Conrad Black arrives for his sentencing hearing in Chicago December 10, 2007
Theresa Tedesco Chief Business Correspondent, National Post
May 21, 2010
When Conrad Black entered the U.S. justice system, he was a little-known Canadian-born press baron snared by America’s renowned white-collar crime dragnet. Three years later, however, the noted historian could be on the verge of leaving an indelible mark on the way that country prosecutes white-collar criminals in the future.
The U.S. Supreme Court is scheduled to release its highly anticipated decision on the honest services statute by the end of June and many legal observers, including those who prosecuted Lord Black under the controversial law, predict the top court will strike down the 28-word act as unconstitutionally vague. “I really do believe that the
convictions on honest services violations for Conrad Black are going to be vacated,” says Bennett L. Gershman, a law professor at Pace University in New York. “I think the
entire [Supreme] Court does not like this law.”
Added Eric Sussman, the former U.S. assistant attorney who led the trial against Lord Black in Chicago: “It seems unlikely they’ll reject the appeal [by Black] out of hand.”
Indeed, an appeal that was once widely dismissed is increasingly the subject of legal speculation it may succeed.
The stakes are high not only for Lord Black, who could see his fraud convictions overturned and his 6.5-year prison sentenced reduced, if not eliminated entirely. If he prevails, the repercussions could be far reaching, as countless honest-services convictions may be overturned and hundreds more thrown into question.
“There is certainly the possibility that plenty of cell doors can and will open as a result of the Supreme Court’s ruling because it has become obvious to all following these cases, that the Supreme Court believes that the government has grossly misapplied the statute,” says Jacob S. Frenkel, a former federal criminal prosecutor and former SEC enforcement lawyer.
“It is certainly a much less lonely battle than it was for the first few years, and I am cautiously optimistic that justice will prevail, but take nothing for granted and am ready for anything that comes,” Lord Black said in an email to the Post.
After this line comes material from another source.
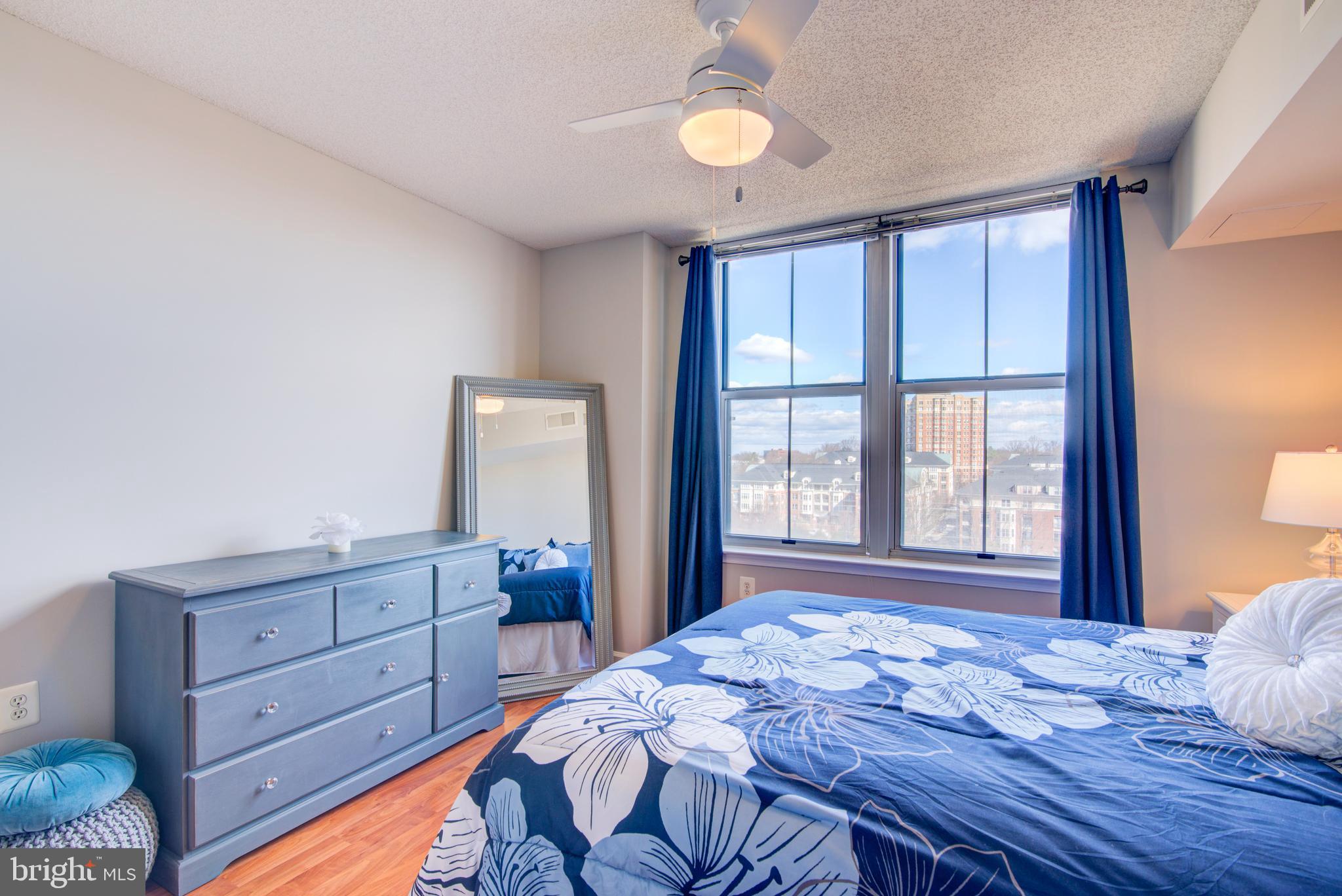 CARLTON HOUSE - Residential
Although he founded the National Post, and continues to be a columnist, he has no official connection to the paper.
He declined to comment further until the release of the Supreme Court’s ruling.
Lord Black is appealing his three convictions on mail and wire fraud, which also include separate counts of honest services.
The former chief executive of Hollinger International Inc. was also convicted on one count of obstruction of justice in relation to his removal of 13 boxes from Hollinger’s downtown Toronto office during the criminal investigation.
The former chief executive of Hollinger International Inc., a Chicago-based publishing company that owned the Chicago Sun-Times, the Jerusalem Post, the Daily Telegraph of London and hundreds of community papers in North America, was convicted by a jury in 2007, along with three former senior Hollinger executives Jack Boultbee, Peter Atkinson and Mark Kipnis, of depriving the company’s shareholders of their faithful services as corporate officers.
The 65-year-old, currently serving a 78-month sentence in a Florida penitentiary, began mobilizing a legal fight to overturn his guilty verdicts soon after entering the Coleman Federal Correctional Complex in March 2008.
After a lower appeals court upheld his convictions, he was granted the rare privilege to be heard by the nine judges on the Supreme Court in 2009 – one of only about 100 of the 75,000 petitions received annually by the high court.
Soon after, similar appeals by Jeffrey Skilling, former CEO of Enron Corp., and Alaska state legislator Bruce Weyhauser followed.
Generally, the honest services law requires that public and corporate officials act in the best interests of their stakeholders. Originally designed to prevent government officials from using their positions for personal gain, it has also become an essential tool for U.S. prosecutors to combat corporate fraud.
The law makes it illegal for public officials and corporate executives to engage in activities that deprive those they serve of the “intangible right to honest services.”
U.S. law enforcement officials have increasingly relied on the statute’s lower burden of proof to convince juries that a defendant has deprived others of their honest services, rather than using other more specific anti-corruption laws with higher evidentiary thresholds.
Among them, Mr. Skilling, who was convicted in 2006 of a bevy of frauds, including honest services, after the spectacular collapse of the energy company in 2001. Mr. Weyrauch, a former member of the Alaska House of Representatives, was charged with honest services and mail fraud after the U.S. government accused him of failing to disclose his attempts to procure future employment from an oil company before voting for legislation that would benefit the company. Former Illinois governor Rod Blagojevich has been indicted under the controversial statute, while former New York state senator Joseph Bruno was convicted on two felony counts of theft of honest services last December. He is awaiting the Supreme Court’s ruling before starting his two-year jail sentence.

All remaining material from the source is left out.